１…管理サーバ、２…ノード（起動ノード又は待機ノード）、１１…情報受信部、１２…ノードディスク容量管理部、１３…ネットワーク管理部、１４…ネットワークディスク容量管理部、１５…ノード起動判断部、１６…ノード起動命令部、２１…情報収集部、２２…情報通知部、２３…ノード起動実行部。 DESCRIPTION OF SYMBOLS 1 ... Management server, 2 ... Node (starting node or standby node), 11 ... Information receiving part, 12 ... Node disk capacity management part, 13 ... Network management part, 14 ... Network disk capacity management part, 15 ... Node starting judgment part 16 ... Node activation command unit, 21 ... Information collection unit, 22 ... Information notification unit, 23 ... Node activation execution unit.

Claims

A method for starting a node in a distributed file system having a plurality of nodes connected to a management server and a plurality of standby nodes,
The standby node waits in a state where power is not supplied,
While the standby node is activated when a failure node exists in the plurality of nodes,
Calculate the disk usage rate of the entire system composed of the plurality of nodes, and automatically start the standby node until the disk usage rate falls below a predetermined threshold when the disk usage rate exceeds a predetermined threshold A node activation method in a distributed file system.
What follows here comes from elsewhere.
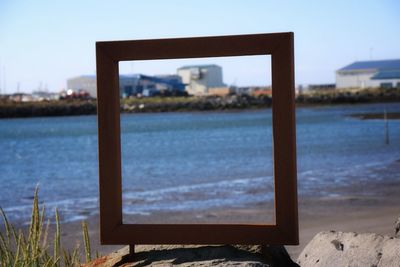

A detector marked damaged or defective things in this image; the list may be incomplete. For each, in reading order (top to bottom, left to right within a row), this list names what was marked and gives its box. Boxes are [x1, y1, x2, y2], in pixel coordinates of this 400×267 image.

rusty metal frame [96, 32, 296, 246]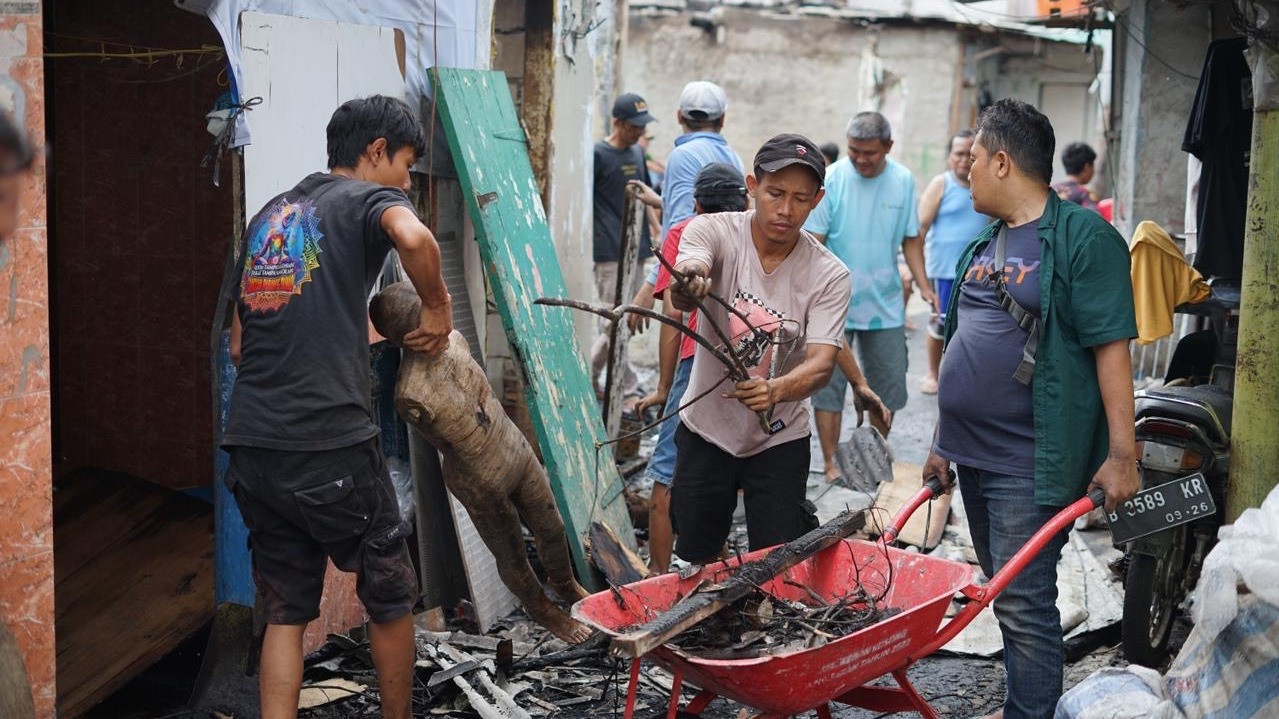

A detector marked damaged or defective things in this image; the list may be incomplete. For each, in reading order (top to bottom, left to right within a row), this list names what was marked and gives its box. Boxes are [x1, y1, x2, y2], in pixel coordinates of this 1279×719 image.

damaged wall [0, 7, 54, 719]
damaged wall [628, 9, 1104, 188]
A method for starting a node in a distributed file system having a plurality of nodes connected to a management server and a plurality of standby nodes,
The standby node waits in a state where power is not supplied,
The plurality of nodes and the plurality of standby nodes are divided into a plurality of networks,
Activating the standby node in the network where the failed node exists when the failed node exists in the plurality of nodes,
Calculate the disk usage rate of a plurality of nodes in each network and automatically start the standby node when the disk usage rate exceeds a predetermined threshold,
The disk usage rate of the entire system composed of the nodes of the plurality of networks is calculated, and when the disk usage rate exceeds a predetermined threshold, the standby node is automatically operated until the disk usage rate falls below the predetermined threshold. A node activation method in a distributed file system, characterized by:

In a distributed file system having a management server and a plurality of nodes connected to the management server,
Each of the nodes includes a startup node that is started during system operation and a standby node that is in a standby state in which power is not supplied.
An information collection unit that calculates its own disk usage rate,
A node activation execution unit that activates itself from the standby state;
With
The management server
An information receiving unit for receiving disk usage rate information from each of the nodes;
A disk capacity management unit that calculates a system disk usage rate of the entire system configured by a plurality of nodes from the disk usage rate of each node received by the information receiving unit;
A node activation determination unit that selects, as an activation node, a standby node that is in a standby state among the nodes when the system disk usage rate exceeds a predetermined threshold;
A distributed file system comprising: a node activation command unit that transmits a node activation command to a node selected by the node activation determination unit.